Some other rides followed, but after that it was time to reactivate the old Cube touring mountain bike, to do some more old fashioned touring rides. I was stunned by the beauty of the Isle of Arran, I tried several times to get to the Mull of Kintyre but always failed, I discovered the amazing beauty of Torridon, and finally lost my respect for winter and made big plans.

It was not until October that I planned the next big thing, and first thought about the singlespeed purchase. I was tempted to buy a Genesis Day One in a sale in September, but the test ride didn’t feel right, so I scrapped the idea very soon looking at trying not to spend too much money on a bike again. But the idea of riding back home for Christmas soon caught my attention, and ideas were bounced around in my head. The route was obvious as I had to take some form of transport at some stage as Britain is an island. Taking the ferry at the very start seemed wrong, and so I had the first leg planned, going from Newcastle to Amsterdam. The more I thought about the conditions, the more I assured myself that December usually doesn’t bring a lot of snow in Germany, later I was proven to be totally wrong. It was the hardest winter since recordings began in Germany so far, and I cycled through it on a bike. And I arrived on time. If people had doubted my project management skills in job interviews in the beginning of the year, they might think about their judgement now.

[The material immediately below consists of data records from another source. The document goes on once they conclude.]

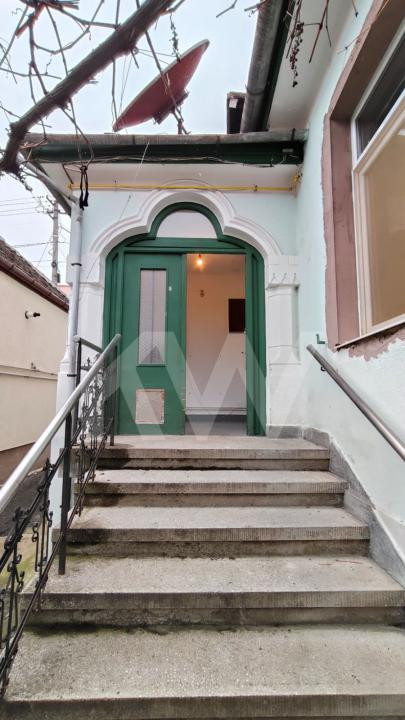 Casă de vanzare  cu 4 camere și pivniță, str. Teilor – Sibiu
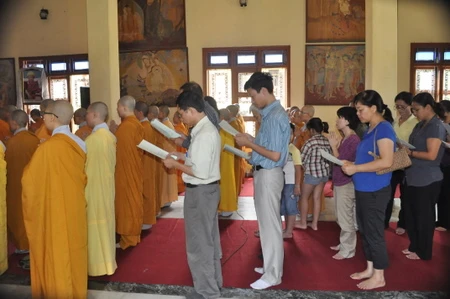 Tăng Ni du học sinh tại Ấn Độ tổ chức Lễ Vu lan ảnh 3 DSC_0233.JPG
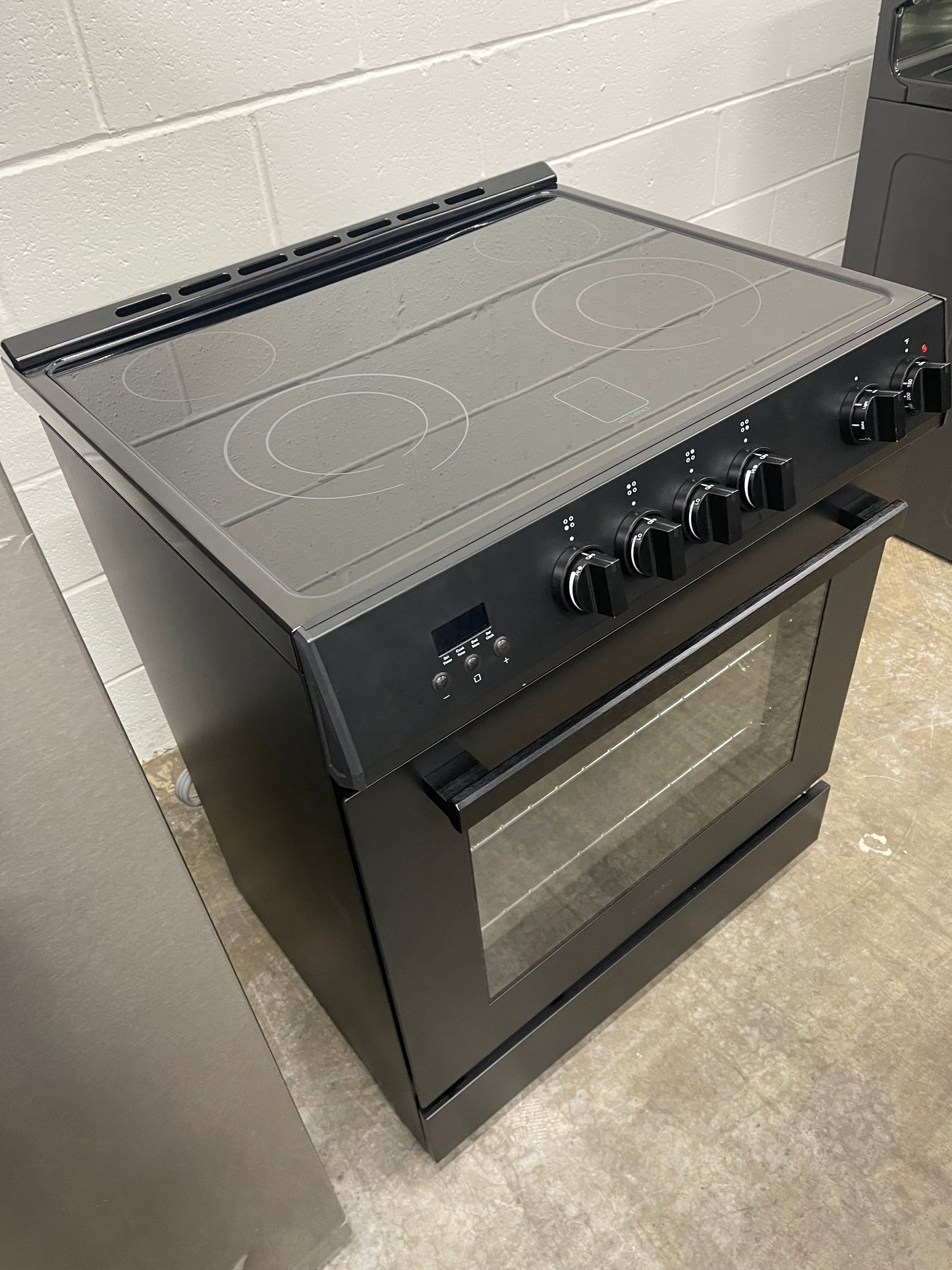 Cosmo 30-in Glass Top 4 burners 5-cu ft Convection Oven Slide-In Electric Range ( Black )
Model #COS-ERD304K-BK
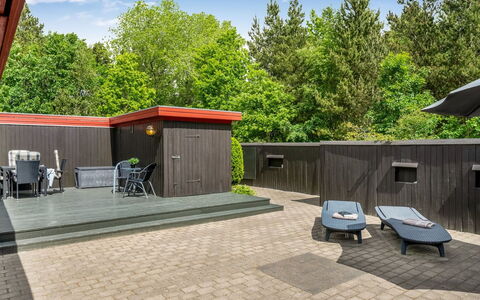 Eliane - 4Km from the Sea: Legna, Giardino, Color Legno, Latifoglie, Shade, Backyard, Mobili Da Esterno, Deck, Landscaping, Cortile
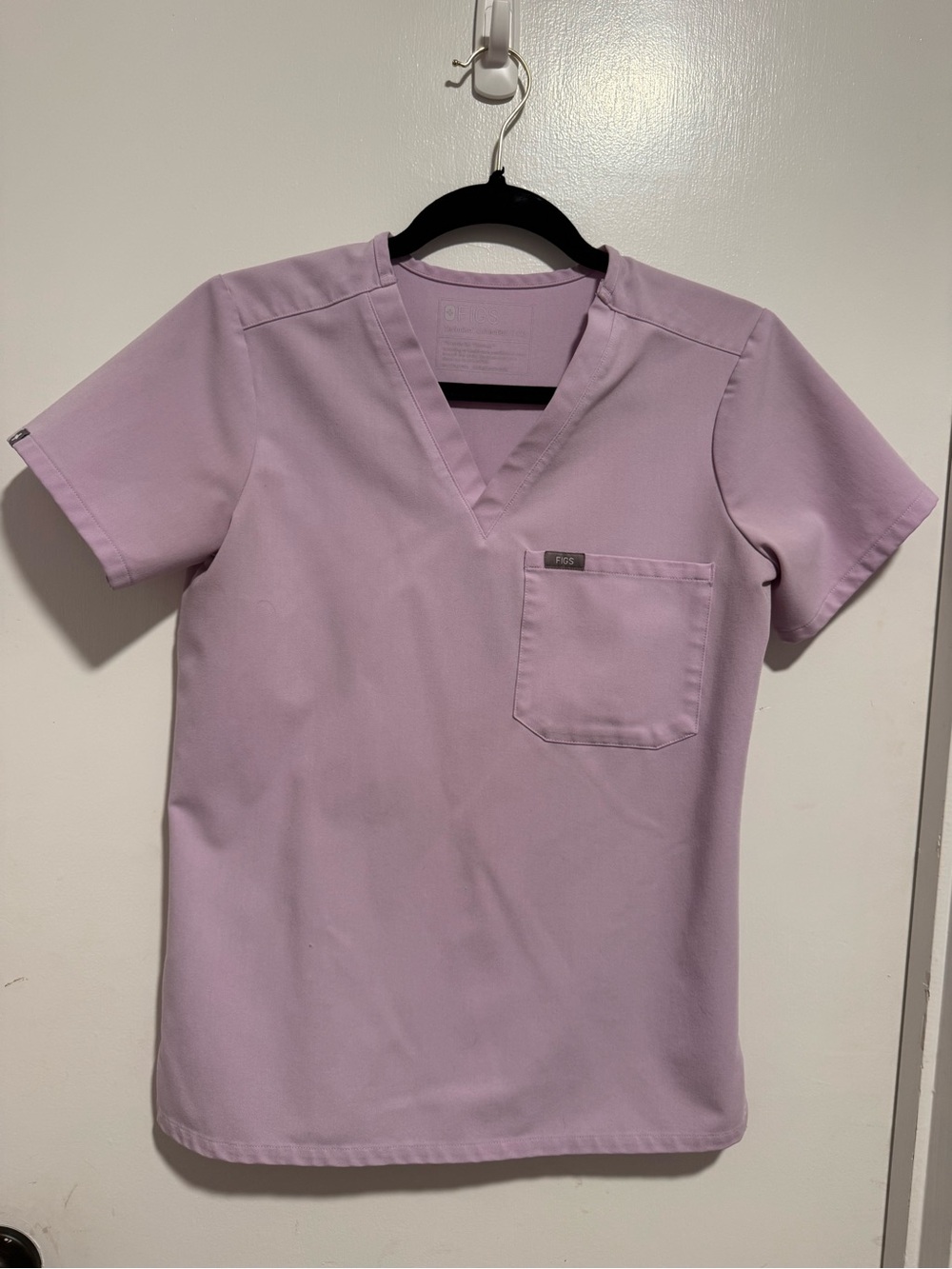 FIGS Women’s Lavender V-Neck Medical Top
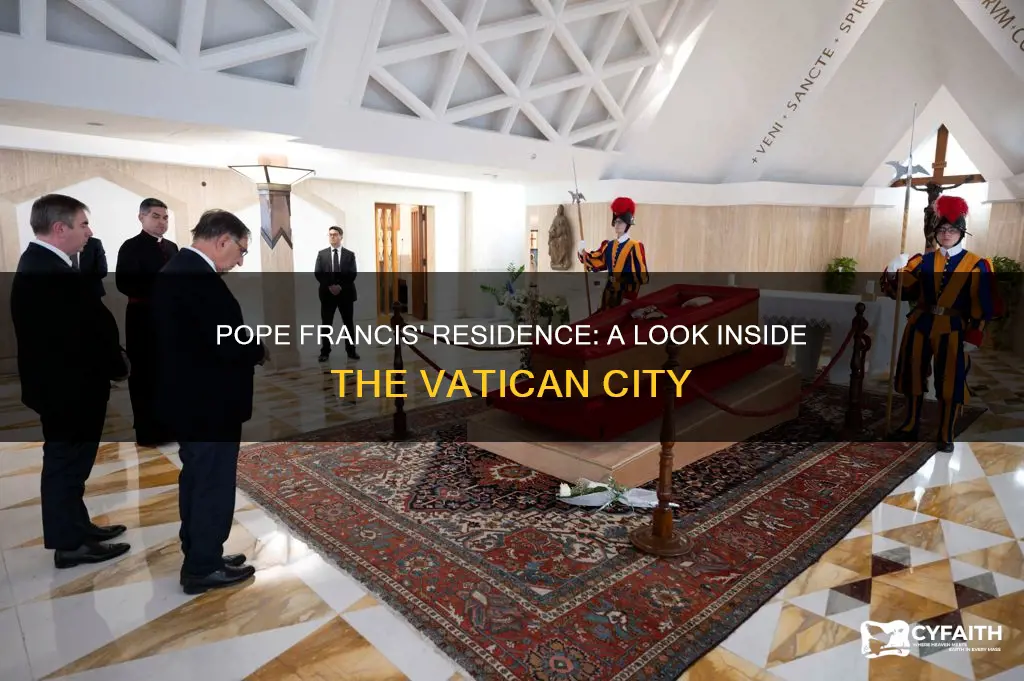 where does the pope francis live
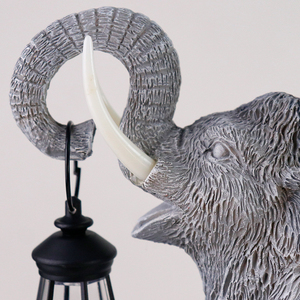 US Stock Tiki <span class=keywords><strong>uomo</strong></span> che cavalca <span class=keywords><strong>elefante</strong></span> con lanterna in resina ornamento artigianale, decorazione da giardino all'aperto - Product Image 5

The idea of taking the singlespeed was set in stone when I found the Swobo Crosby, and I fell in love riding with it. Riding through a proper blizzard from Dunblane to Callender with Ian was one of the coolest things we have ever done, and I was ready to take only one gear to get home to Germany. The trip did enlighten even more passion for future projects, and I hope you keep following. I will write down my adventure in more detail in this blog, and I am also looking into the option of doing some talks. I was inspired by Mark Beaumont‘s talk in autumn at the Edinburgh Mountain Film Festival, and I would love to do the same with my ride. Simply speaking I would be delighted if there was only one person which gets inspired and takes up cycling and gets out of the comfort zone every now and then. Doing something like my trip is not for a first time cyclist, as you need to be properly trained to enjoy it. But it’s the little steps that change lives, not the big ones.

There are already some ideas for 2011 bouncing in my head, some big, some small ones. One of them is to cycle down to Germany again, this time in the fastest possible way on a road bike. The other is to tour Australia with one gear. And to do some more single speeding in Scotland as well. Let’s see what the year brings, I wish you all a very good start into 2011!